He [the ex-communist renegade] no longer throws out the the dirty water of the Russian revolution to protect the baby; he discovers that the baby is a monster than must be strangled.

The death of tens of millions becomes mere dirty bath-water; the baby – presumably the core of the Soviet Union, its ideal, not its practice – is still beautiful.
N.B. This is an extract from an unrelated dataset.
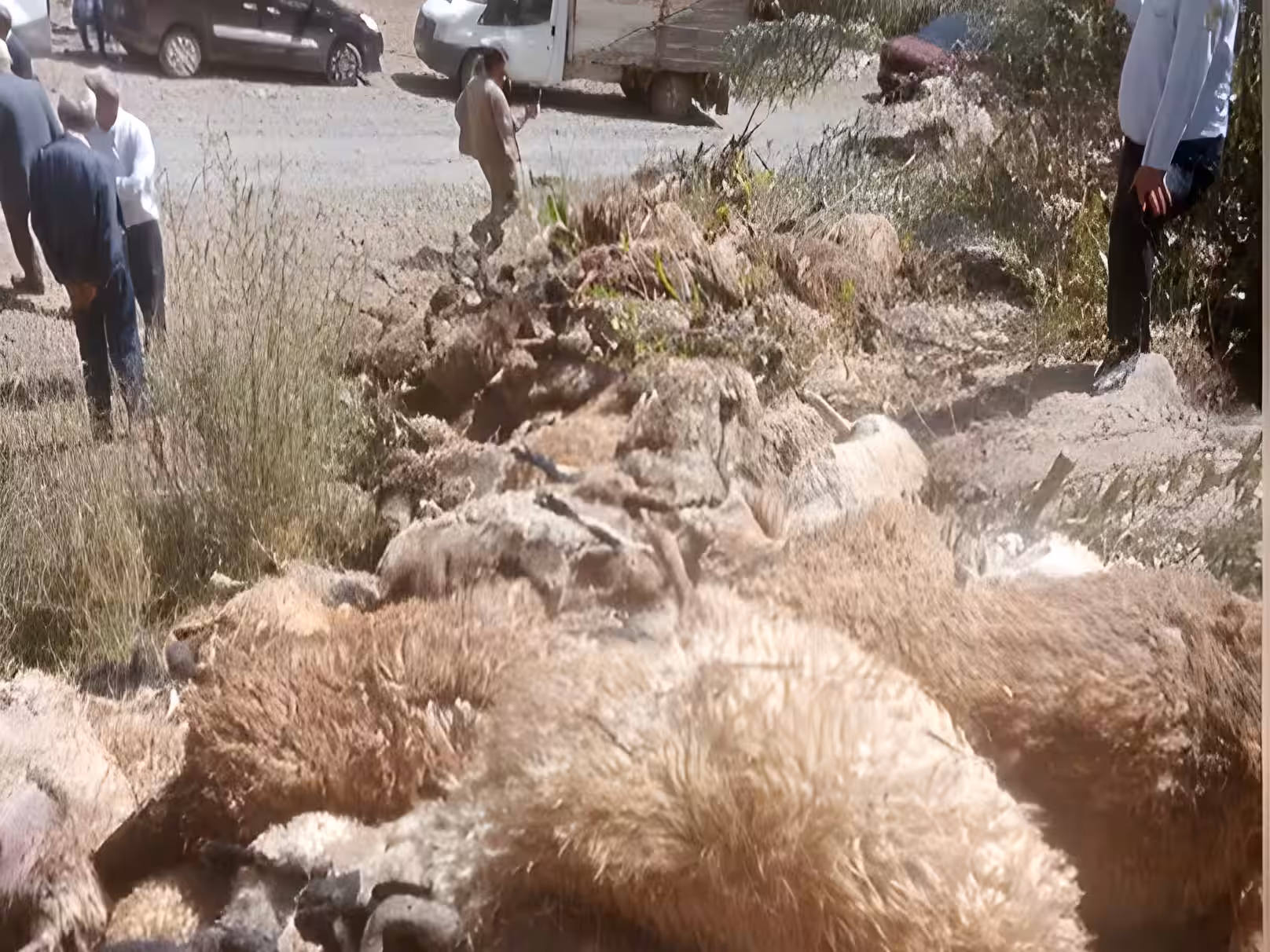 1500 مەڕ لە بەرزاییەوە کەوتنە خوارەوە و گیانیان لەدەستدا 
Deutscher reproached the renegades of The God that Failed for their tendency to abstraction, of uninterest in concrete realities of the world around them, but you can’t get much more abstract than calling mass famines, purges, the gulag, mere dirty water. It is no surprise, perhaps, that a man who can do so has about as much sense of proportion as a young child from whose hand a toy is removed. In his essay, Post-Stalinist Ferment of Ideas, Deutscher has this to say:

Having for decades lived under its own (triumphant!) brand of McCarthyism with its loyalty tests, charges of un-Bolshevik activities, witch-hunts and purges, terroristic suspicion and suspicious terrorism, Soviet society is now driven by self-preservation to try and regain initiative and freedom of decision and action.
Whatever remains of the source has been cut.